The Canadian sculptor Kim Adams has been working on the artwork formerly titled Pig Mountain for many years. The gigantic artwork (a moss-covered boulder made of faux rock) is populated by hundreds of miniatures, many of them feral pigs, who cross ravines on spindly bridges. But gradually, humans, too, have been taking over this work-in-progress. “I started adding them to see what would happen,” the artist says. And, as usual, we came along and messed things up. Today, the mountain is at a tipping point, not so much a romantic vision of nature as a rowdy holiday camp for hikers, campers, and other tourists – a testament to the havoc we wreak on the natural world.

ALVARO BARRINGTON, LOVE SHACK - MOUNTAIN AND SEA, SHANGHAI (2025)

Three paintings occupy Alvaro Barrington’s Love shack, each depicting the sun setting over the Caribbean sea. These slow moments of mundane beauty might seem out-of-place in a cavernous power station in hyper-modern Shanghai, if not for the titular shack made of reclaimed wood and corrugated roofing, that houses them. Equipped with a boombox and rocks refashioned as seating, the space-within-a-space offers a place to momentarily rest and reflect, inspired by the artist’s return to his childhood home of Grenada.

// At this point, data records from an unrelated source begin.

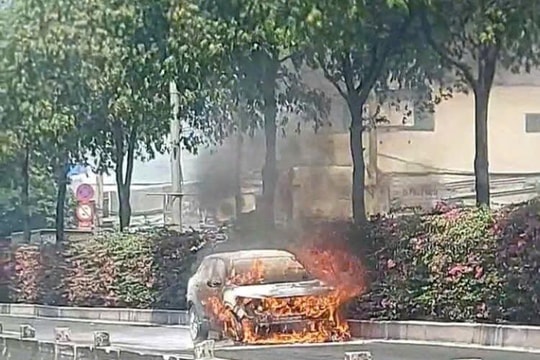 Xe ô tô cháy trơ khung ở TP.HCM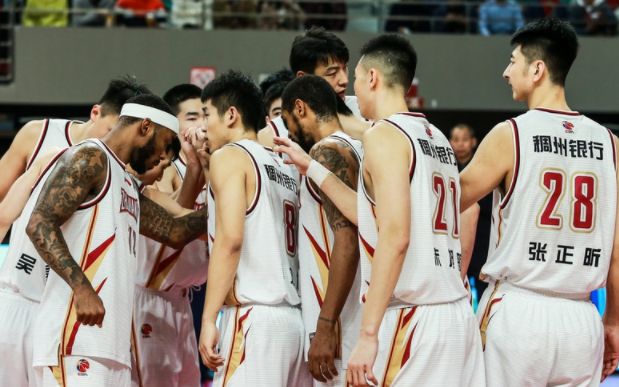 骑士鏖战新疆队,王哲林扛起全队 骑士鏖战新疆队,王哲林扛起全队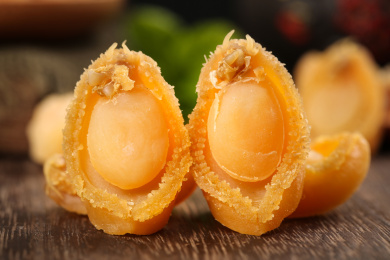 木底上放着淡晒鲍鱼干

HO TZU NYEN, TIMEPIECES (2023)

The animations in Timepieces span 43 flatscreens of various sizes, ranging from crackling fires, snoozing cats, and lazy rivers, to zombies, clockwork, and an anxiety-inducing bomb countdown. The timescales of each work also vary wildly, from one second to – theoretically – 165 years, or the amount of time it takes for Neptune to make a full revolution around the Sun. Through these looping images, the artist asks how can we come to terms with such a vast difference in timescales, all of which exist simultaneously and have more or less tangible impact on our lives.